WHAT TO WORK ON:
Every line of the data below should be repeated exactly, and no picture should be copied.

INFORMATION PROVIDED:
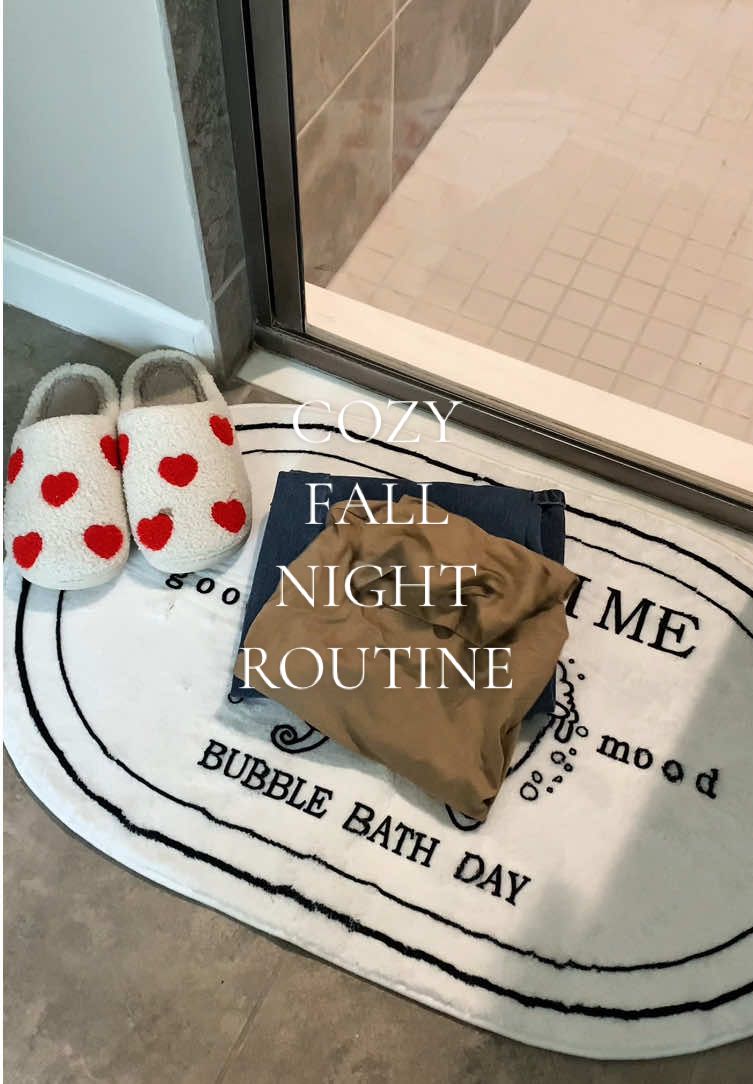 TikTok post by @autumnkatee for philosophy. Caption reads: [...] @Bloom Nutrition @Tree Hut @philosophy....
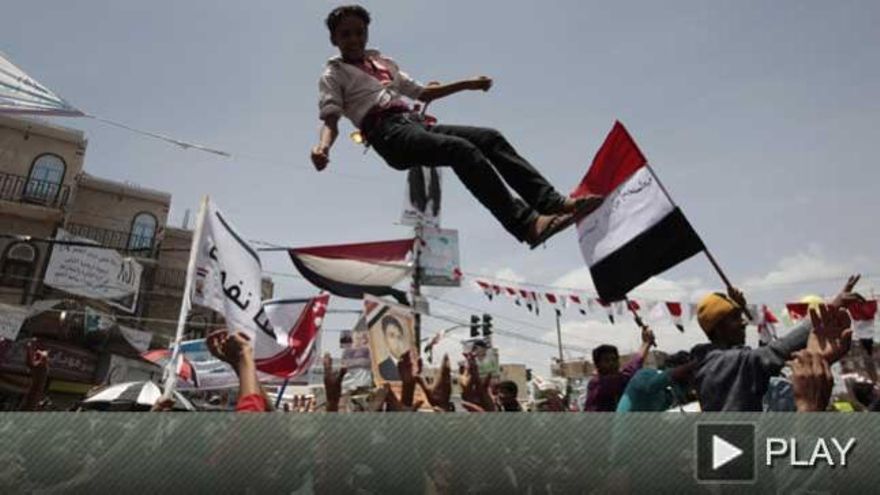 Miles de yemeníes celebran la marcha de Saleh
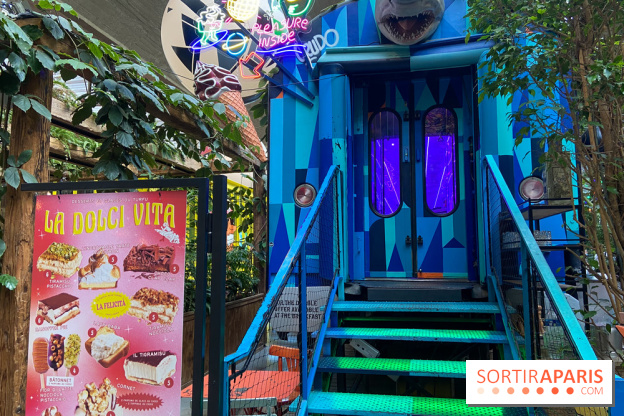 Un bar à glaces et un dessert dans un train de la Félicita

EXERCISE ANSWER:
 TikTok post by @autumnkatee for philosophy. Caption reads: [...] @Bloom Nutrition @Tree Hut @philosophy....
 Miles de yemeníes celebran la marcha de Saleh
 Un bar à glaces et un dessert dans un train de la Félicita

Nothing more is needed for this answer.